Practicing a walking place

As mentioned, I am writing my reflections on the 2017 coyote walk from a new home, across the continent, in Washington state. In contrast to New York City transportation here is highly centered around the automobile, though with plenty of pedestrian designated trails within reach, serving as destinations for recreation. I was able to take a long walk this past week, with family, on one of those trails, the Tolt Pipeline. It ran behind people’s homes and reminded me a bit of the Croton Aqueduct in NY, which we utilized in the coyote walk, having a similar ambience, width and of course following a water suppling pipe. My 3-year-old son was along with us. It felt like a first “no escape” walk with child– meaning we couldn’t simply opt out at any moment. He ended up riding on my shoulders for a good part of the time. After an initial period of considering whether or not to turning back (being faced with a big hill) we pushed forward and dug in for the duration. I was reminded of the comforts of a one-way long walk with other people. Stopping to look at things, snacking, negotiating, and spreading out along the trail (some people far out in front and some lagging behind) coming back to the central task at hand made for a traveling atmosphere that I recognized from the coyote walk. There was a great relief in recognizing that, for the time being, there were no other things we needed to do– or rather that everything we needed to do we didn’t need to do elsewhere. And that the walk would not end any time soon. The walking itself turned into its own place and social space. I think it is that place that I see dreams about the coyote walk.

In The Songlines, a semi-fictional account of a kind of ethnographic walking research project in Australia, Bruce Chatwin makes a case that the rhythm of walking, and of being carried by a walker has a resonance with children. It is inherent to the human experience. I wondered if the traveling atmosphere of a car has a similar reassuring effect, putting kids to sleep.

One of the participants in our coyote walk this year brought a short text by Buddhist monk Thich Nhat Hahn as a starting point for a conversation, titled We Don’t Walk Alone in this recent short book

When we walk, we’re not walking alone.
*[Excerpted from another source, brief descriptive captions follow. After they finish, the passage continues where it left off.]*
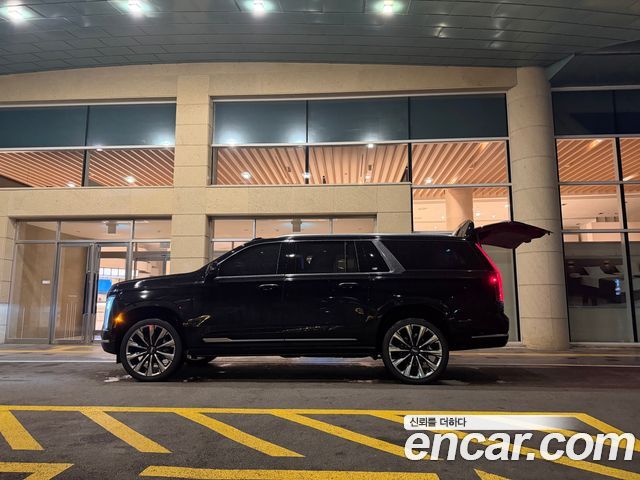 Cadillac Escalade 6.2 ESV ESV Premium Luxury Platinum — пробег 9935 км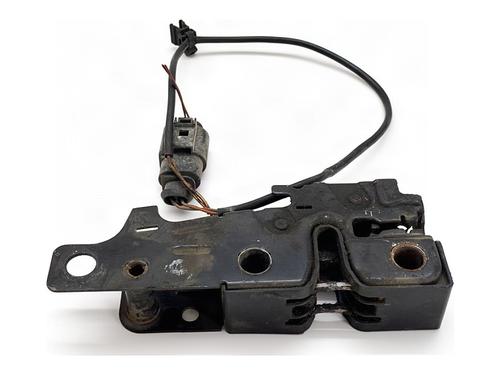 Used Hood lock Hood lock AUDI A3 (8P1) 2.0 TDI (140 hp) 39762927 39762927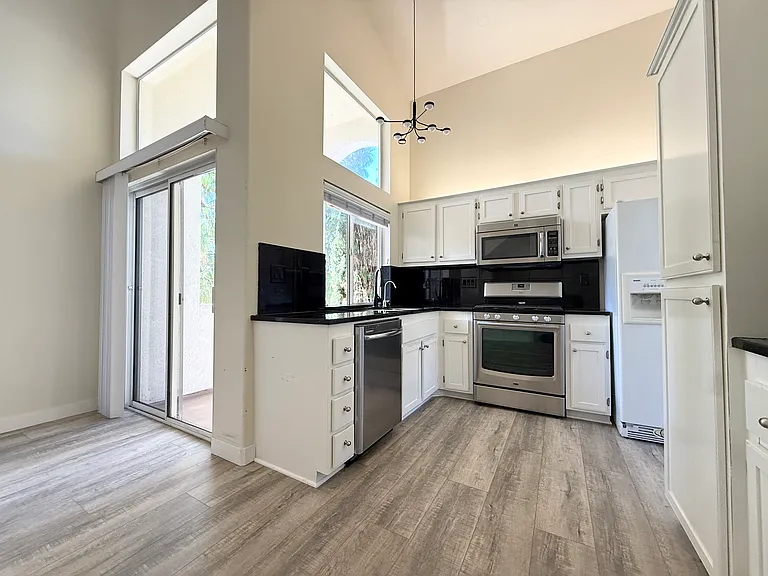 801 Maplewood — Photo 1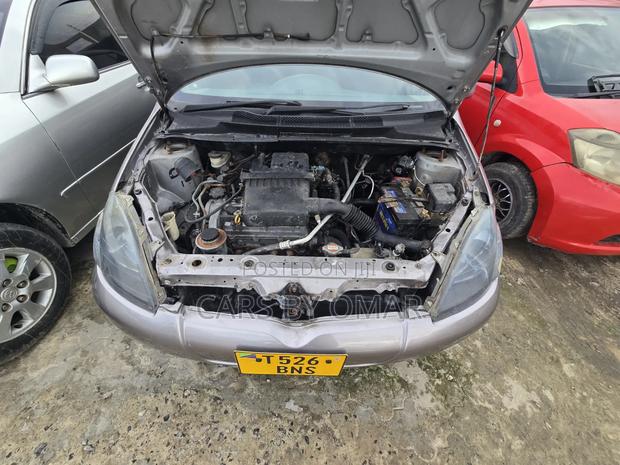 Toyota Vitz 2002 Ivory
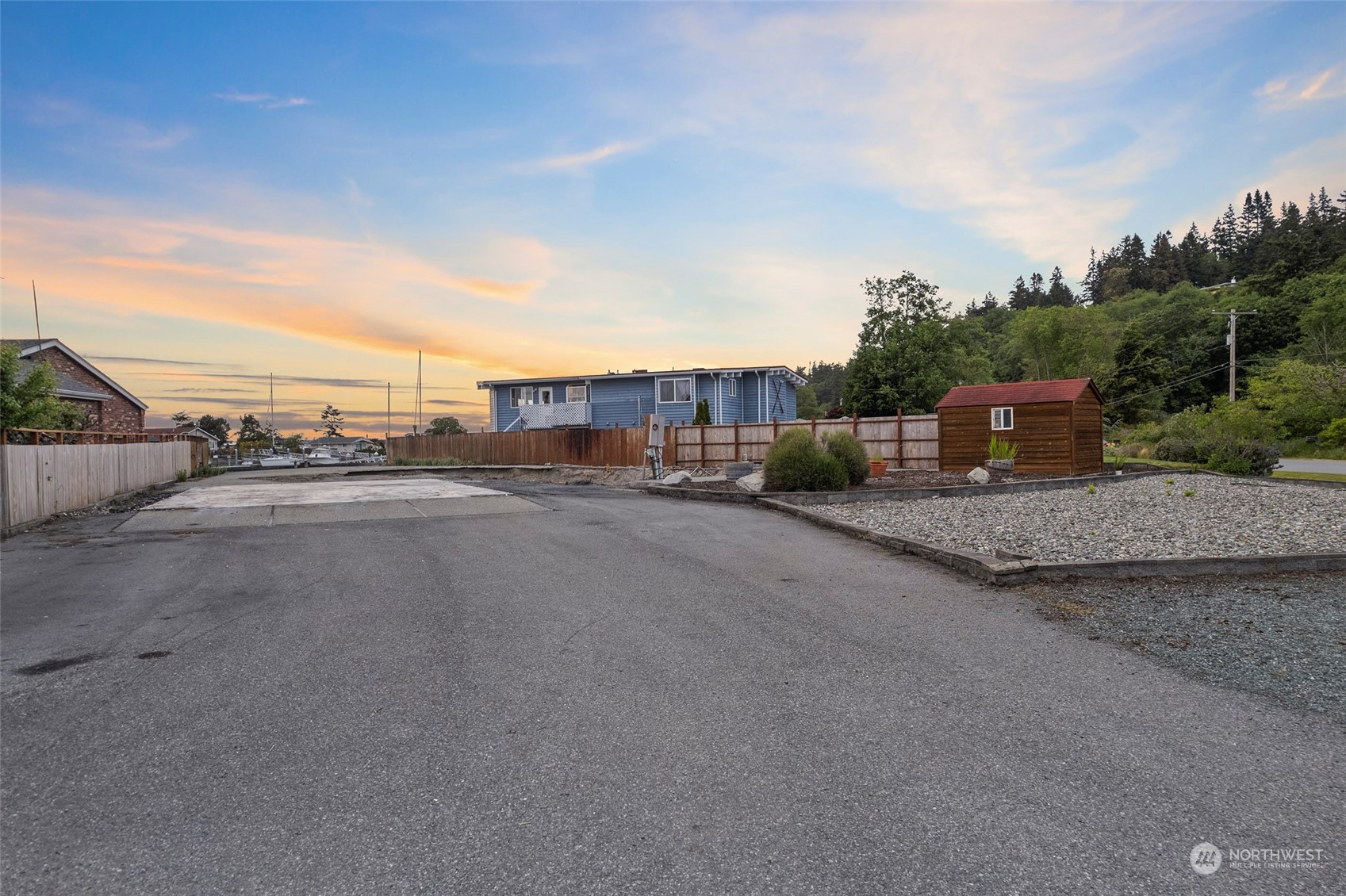 109 Salmon Street Property Photo 4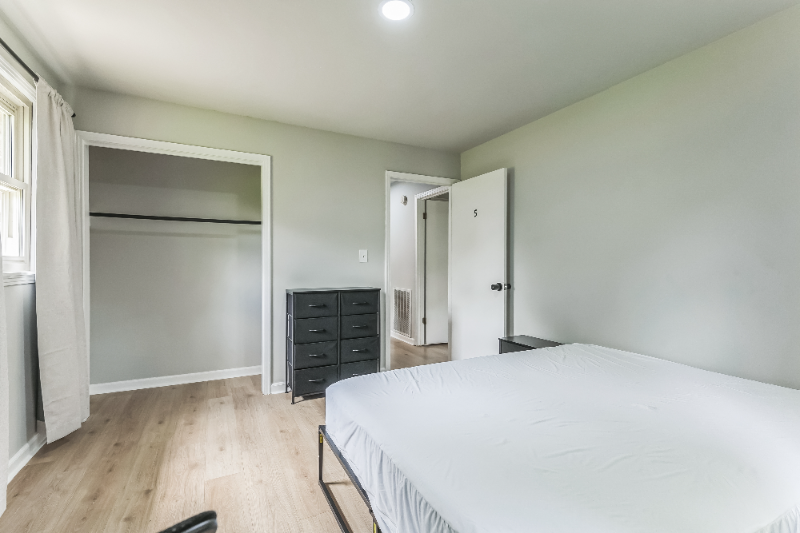 2265 Wildwood Dr - Photo 2 of 12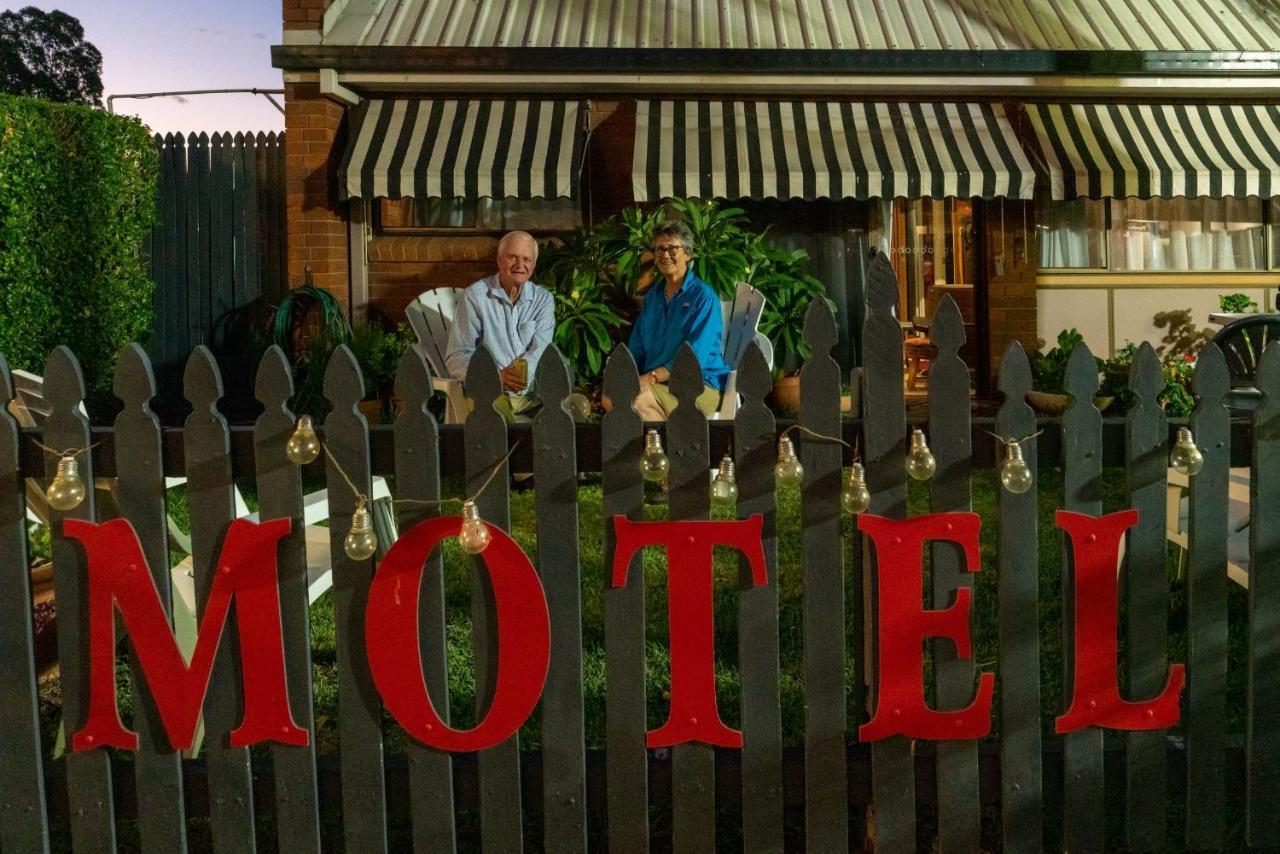 Country Pathfinder Motor Inn Дэлби Экстерьер фото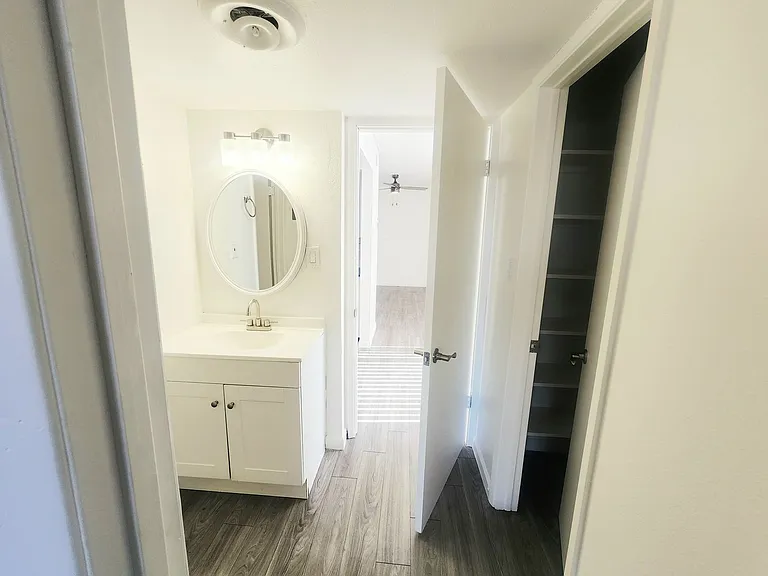 Park West Apartments — Photo 31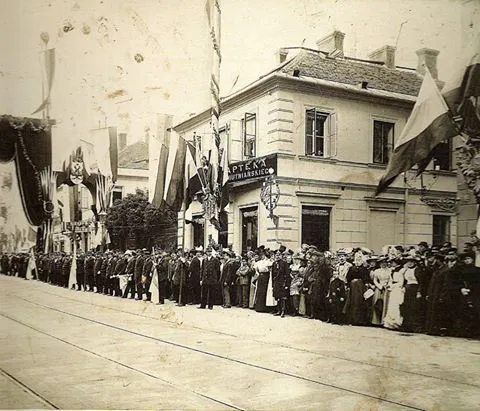 Apteka przy Nowym Świecie - co dalej?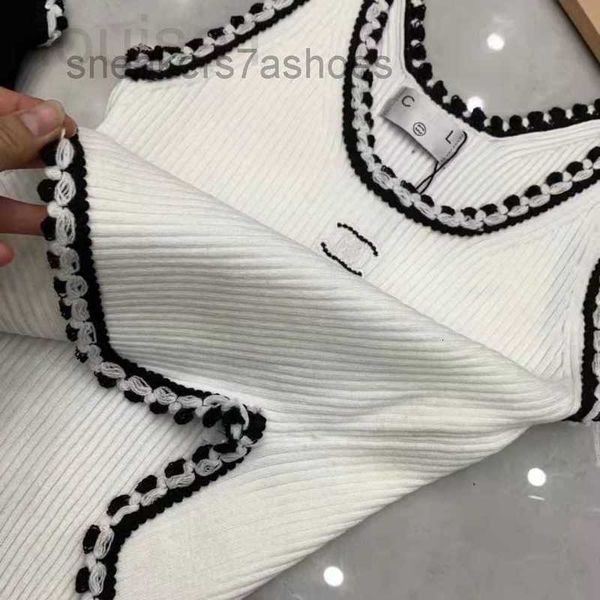 men's t-shirts designer anagram-embroidered women tanks camis cotton-blend tank two c letters designer skirts yoga suit channel dress, White;black
men's t-shirts designer anagram-embroidered women tanks camis cotton-blend tank two c letters designer skirts yoga suit channel dress, White;black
Our parents and ancestors are always walking with us. They’re present in every cell of our bodies. So each step that brings us healing and happiness also brings healing and happiness to our parents and ancestors. Every mindful step has the power to transform us and all our ancestors within us, including our animal, plant, and mineral ancestors. We don’t walk for ourselves alone. When we walk, we walk for our family and for the whole world.

While a doctor’s or lawyers “practice” might carry an air of professionalism or exclusivity, I am interested in the term practice as a way to accommodate missteps and mistakes, of doing something over again without necessarily knowing the best way to do it. The 9 different paths over 9 years walking a coyote-like route out of New York City were practice. While they had public facing elements in which research was presented and others were invited to walk along, they also served as a way to personally understand my home– geographically and otherwise.